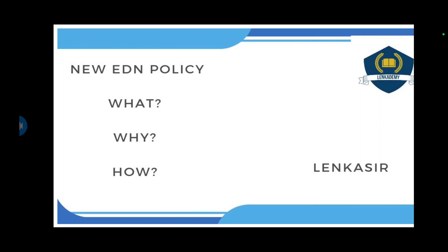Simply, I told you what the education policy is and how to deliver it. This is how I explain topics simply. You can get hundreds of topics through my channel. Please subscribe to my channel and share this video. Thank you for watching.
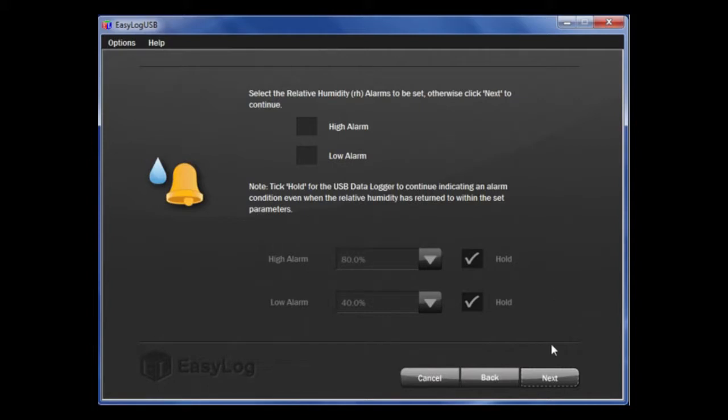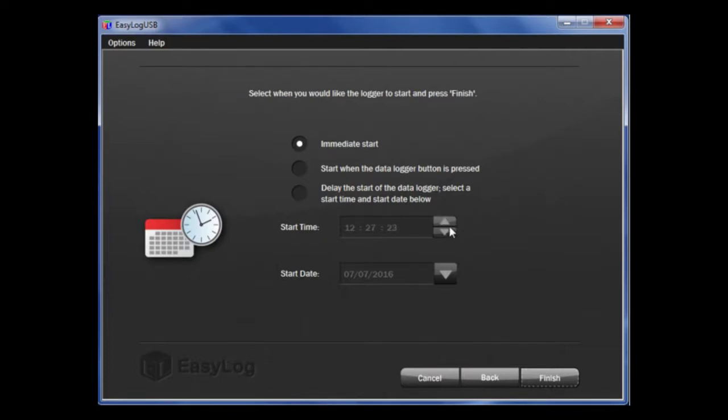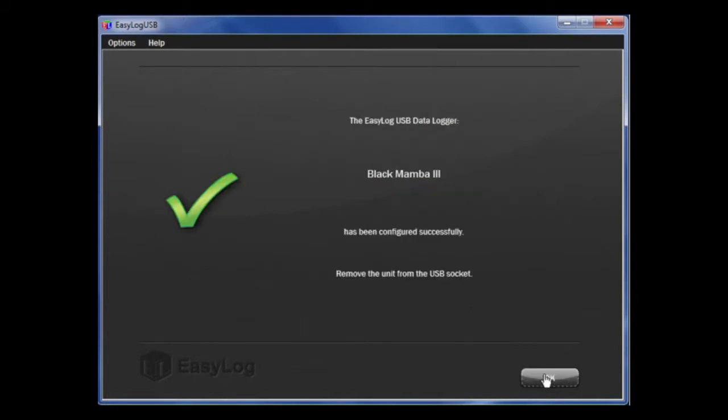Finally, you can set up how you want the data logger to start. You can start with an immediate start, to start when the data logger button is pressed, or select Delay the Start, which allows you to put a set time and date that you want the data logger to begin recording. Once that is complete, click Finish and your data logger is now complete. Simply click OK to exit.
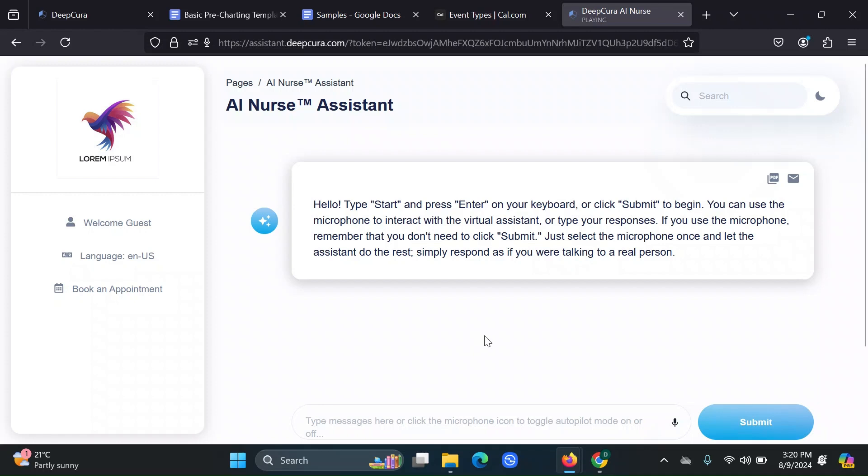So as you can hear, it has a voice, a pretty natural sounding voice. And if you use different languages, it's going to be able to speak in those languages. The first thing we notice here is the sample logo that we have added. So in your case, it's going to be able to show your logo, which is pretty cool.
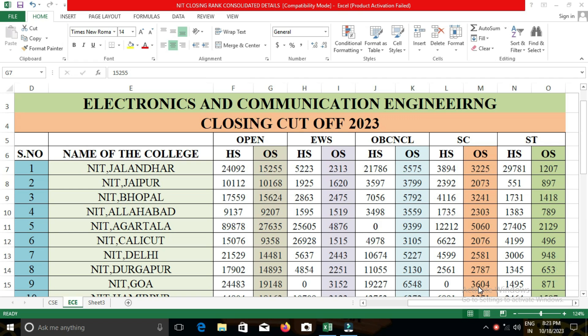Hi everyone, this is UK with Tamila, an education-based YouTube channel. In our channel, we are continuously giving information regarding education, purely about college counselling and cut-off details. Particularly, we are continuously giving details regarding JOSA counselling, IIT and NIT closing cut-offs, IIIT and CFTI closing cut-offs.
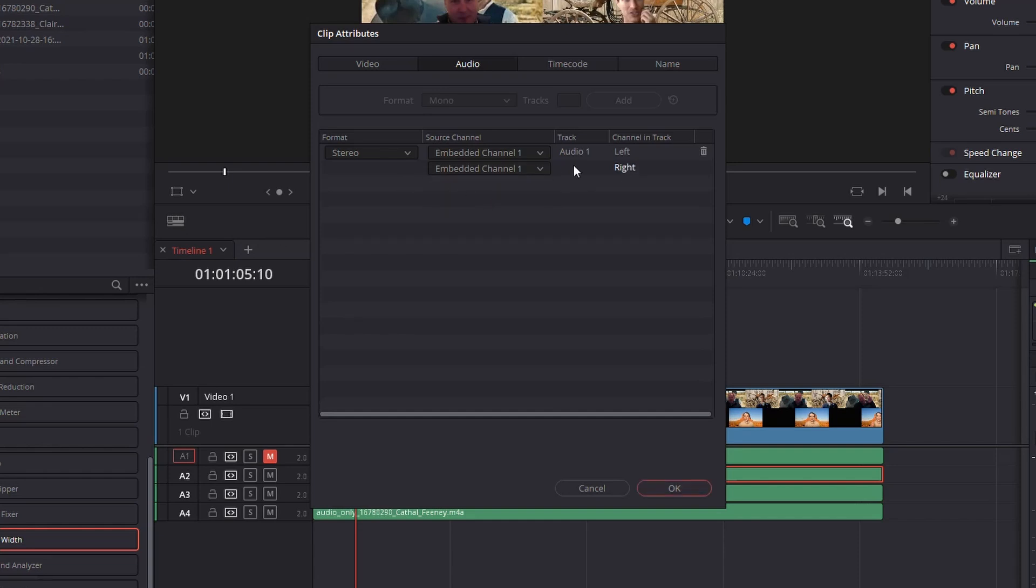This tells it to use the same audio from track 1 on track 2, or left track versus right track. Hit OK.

■ **Problem statement**
Exactly as written, give again every line from the one containing "Hi everyone, this" through the last line of the material, both included, with the pictures left out.

■ **Written response**
Hi everyone, this is UK with Tamila, an education-based YouTube channel. In our channel, we are continuously giving information regarding education, purely about college counselling and cut-off details. Particularly, we are continuously giving details regarding JOSA counselling, IIT and NIT closing cut-offs, IIIT and CFTI closing cut-offs.
This tells it to use the same audio from track 1 on track 2, or left track versus right track. Hit OK.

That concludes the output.